Uncoupled multicore fibers are designed to maintain minimal interaction between adjacent cores. This is achieved by increasing the distance between the cores (core pitch) or by using a trench-assisted refractive index profile to confine the light more effectively within each core.

• How They Work: Each core functions as an independent, single-mode fiber (SMF). This allows signals to be transmitted on separate cores without significant interference, and conventional optical communication systems can be used with minimal modification, often requiring only a "fan-in/fan-out" device to transition between the single-fiber and multicore sections.

• Advantages:

  • Low Inter-Core Crosstalk (IC-XT): This is their primary advantage. With low crosstalk, signals in each core remain isolated, simplifying signal processing and avoiding the need for complex digital signal processing (DSP) techniques like Multiple-Input Multiple-Output (MIMO).

  • Compatibility: They are more compatible with existing single-mode fiber systems, simplifying integration into current network infrastructure.

  • Higher Signal-to-Noise Ratio (SNR): The low crosstalk allows for a better SNR, which is crucial for long-haul transmission.

• Disadvantages:

  • Large Cladding Diameter: To ensure low crosstalk, the cores must be spaced far apart, which often requires a larger-than-standard cladding diameter (typically 125 µm), potentially impacting mechanical reliability and compatibility with existing cabling infrastructure.

  • Limited Core Density: The need for a large core pitch restricts the number of cores that can be packed into a single fiber, limiting the potential capacity increase.

Coupled Multicore Fibers

Coupled multicore fibers are designed with cores placed in close proximity, allowing light to intentionally couple between them. This creates a single multimode waveguide where signals propagate as "supermodes," which are combinations of the individual core modes.
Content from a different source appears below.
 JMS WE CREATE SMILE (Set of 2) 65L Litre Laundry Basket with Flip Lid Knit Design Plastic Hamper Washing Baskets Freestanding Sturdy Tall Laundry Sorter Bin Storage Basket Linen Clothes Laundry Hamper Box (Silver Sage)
• How They Work: Signals launched into one core quickly distribute their power across all cores. The receiver must use sophisticated MIMO-DSP to untangle the mixed signals and recover the original data streams. This is similar to how few-mode fibers (FMFs) operate.

• Advantages:

  • High Core Density: The close core proximity allows for a significantly higher number of cores within the standard 125 µm cladding diameter. This increases the overall spatial channel density.

  • Mitigation of Impairments: The strong, random coupling between cores can reduce the negative effects of mode-dependent loss (MDL) and differential mode delay (DMD), which simplifies compensation requirements and improves overall transmission performance. It can also help suppress nonlinear impairments.

• Disadvantages:

  • High Inter-Core Crosstalk: This is a fundamental characteristic and a major challenge. The high crosstalk necessitates the use of complex and computationally intensive MIMO-DSP at the receiver, increasing power consumption and system complexity.

  • Increased Complexity: The need for complex DSP, specialized amplifiers, and fan-in/fan-out devices adds to the cost and complexity of the system.

Future Outlook

Both uncoupled and coupled MCFs are being researched for future ultra-high-capacity optical communication. The choice between them depends on the specific application and trade-offs.

• Uncoupled-MCFs are a strong candidate for long-haul transmission and submarine cables, where low crosstalk is critical for maintaining signal integrity over thousands of kilometers. Their compatibility with existing technologies also makes them an attractive option for more straightforward system upgrades.

• Coupled-MCFs are being explored for high-density, short-to-medium-haul networks where a very high spatial channel count is a priority and the power and complexity of MIMO-DSP are more manageable. Combining few-mode cores with coupled multicore designs (Few-Mode Multicore Fibers, FM-MCFs) is also a key area of research, aiming to combine the benefits of both technologies for a massive increase in capacity.

Ultimately, achieving a robust and efficient MCF system will require a balance of optical fiber design, advanced signal processing, and new component technologies like multicore amplifiers and fan-in/fan-out devices to address the inherent challenges of each approach.